_What to work on_.
From the entries below, return only the lines starting at the one that contains "Plaza Inn Hannover City Nord" and ending at the one that contains "NUTRITION Freshman Health", exactly as they stand.

Extracted records:

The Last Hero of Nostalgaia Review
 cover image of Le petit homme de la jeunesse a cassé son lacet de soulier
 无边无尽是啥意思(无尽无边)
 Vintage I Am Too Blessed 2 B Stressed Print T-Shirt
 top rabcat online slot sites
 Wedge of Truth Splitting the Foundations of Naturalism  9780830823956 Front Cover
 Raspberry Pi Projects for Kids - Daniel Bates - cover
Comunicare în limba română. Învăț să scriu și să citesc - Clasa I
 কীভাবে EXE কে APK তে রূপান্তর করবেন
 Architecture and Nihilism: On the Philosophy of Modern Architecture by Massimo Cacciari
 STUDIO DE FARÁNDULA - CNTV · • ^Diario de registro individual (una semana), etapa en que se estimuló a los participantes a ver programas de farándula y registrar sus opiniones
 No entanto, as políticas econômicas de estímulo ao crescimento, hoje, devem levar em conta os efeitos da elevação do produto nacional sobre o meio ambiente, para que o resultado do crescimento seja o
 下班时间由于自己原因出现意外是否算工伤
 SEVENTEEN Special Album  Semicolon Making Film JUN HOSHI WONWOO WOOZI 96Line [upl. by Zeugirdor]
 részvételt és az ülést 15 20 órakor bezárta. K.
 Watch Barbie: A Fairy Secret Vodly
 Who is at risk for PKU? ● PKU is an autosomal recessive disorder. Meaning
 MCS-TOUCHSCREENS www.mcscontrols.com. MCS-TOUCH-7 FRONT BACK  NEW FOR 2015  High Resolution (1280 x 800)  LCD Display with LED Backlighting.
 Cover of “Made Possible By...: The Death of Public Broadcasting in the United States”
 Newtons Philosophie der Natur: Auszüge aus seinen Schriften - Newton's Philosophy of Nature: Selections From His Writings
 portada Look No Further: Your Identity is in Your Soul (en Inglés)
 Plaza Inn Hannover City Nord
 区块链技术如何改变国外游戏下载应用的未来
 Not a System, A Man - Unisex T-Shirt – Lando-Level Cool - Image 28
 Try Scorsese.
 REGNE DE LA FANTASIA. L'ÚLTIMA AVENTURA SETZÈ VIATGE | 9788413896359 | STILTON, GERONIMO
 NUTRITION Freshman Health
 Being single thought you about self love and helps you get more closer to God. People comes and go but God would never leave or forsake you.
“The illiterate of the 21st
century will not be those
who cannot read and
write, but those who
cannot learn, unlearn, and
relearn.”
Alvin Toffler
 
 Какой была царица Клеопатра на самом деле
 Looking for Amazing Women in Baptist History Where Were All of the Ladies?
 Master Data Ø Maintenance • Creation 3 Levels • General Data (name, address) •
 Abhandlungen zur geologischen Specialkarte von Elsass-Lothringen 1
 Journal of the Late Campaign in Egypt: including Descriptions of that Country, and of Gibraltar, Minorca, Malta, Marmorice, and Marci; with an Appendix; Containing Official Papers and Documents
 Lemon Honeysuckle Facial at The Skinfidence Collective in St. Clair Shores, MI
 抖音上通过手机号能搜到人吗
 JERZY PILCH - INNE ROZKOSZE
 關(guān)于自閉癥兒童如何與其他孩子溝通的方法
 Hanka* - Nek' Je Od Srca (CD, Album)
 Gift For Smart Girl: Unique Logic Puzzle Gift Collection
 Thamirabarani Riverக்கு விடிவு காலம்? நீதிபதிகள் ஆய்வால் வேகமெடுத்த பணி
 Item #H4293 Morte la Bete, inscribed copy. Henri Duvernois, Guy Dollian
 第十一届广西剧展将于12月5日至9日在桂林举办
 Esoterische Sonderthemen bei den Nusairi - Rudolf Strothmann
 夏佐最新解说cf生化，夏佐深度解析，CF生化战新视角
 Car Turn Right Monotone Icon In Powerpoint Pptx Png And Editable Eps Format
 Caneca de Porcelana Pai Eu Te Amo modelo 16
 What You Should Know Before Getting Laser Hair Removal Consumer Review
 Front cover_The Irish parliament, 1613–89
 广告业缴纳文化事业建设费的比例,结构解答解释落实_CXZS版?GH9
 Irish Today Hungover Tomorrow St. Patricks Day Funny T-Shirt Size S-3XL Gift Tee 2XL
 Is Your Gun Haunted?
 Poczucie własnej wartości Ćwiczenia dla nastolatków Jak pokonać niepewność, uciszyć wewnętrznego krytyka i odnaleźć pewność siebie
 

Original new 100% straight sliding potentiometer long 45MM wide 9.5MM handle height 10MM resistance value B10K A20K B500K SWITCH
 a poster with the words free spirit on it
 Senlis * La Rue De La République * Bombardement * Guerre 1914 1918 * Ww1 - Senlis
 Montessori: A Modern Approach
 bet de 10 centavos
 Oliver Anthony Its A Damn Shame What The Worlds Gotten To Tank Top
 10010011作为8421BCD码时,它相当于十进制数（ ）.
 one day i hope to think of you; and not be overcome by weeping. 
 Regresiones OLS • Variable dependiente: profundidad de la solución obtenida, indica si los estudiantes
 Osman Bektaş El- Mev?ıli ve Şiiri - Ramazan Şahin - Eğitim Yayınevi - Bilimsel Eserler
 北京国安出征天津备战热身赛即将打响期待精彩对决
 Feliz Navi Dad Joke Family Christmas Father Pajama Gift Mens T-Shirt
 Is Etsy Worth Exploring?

_Solution to this exercise_.
 Plaza Inn Hannover City Nord
 区块链技术如何改变国外游戏下载应用的未来
 Not a System, A Man - Unisex T-Shirt – Lando-Level Cool - Image 28
 Try Scorsese.
 REGNE DE LA FANTASIA. L'ÚLTIMA AVENTURA SETZÈ VIATGE | 9788413896359 | STILTON, GERONIMO
 NUTRITION Freshman Health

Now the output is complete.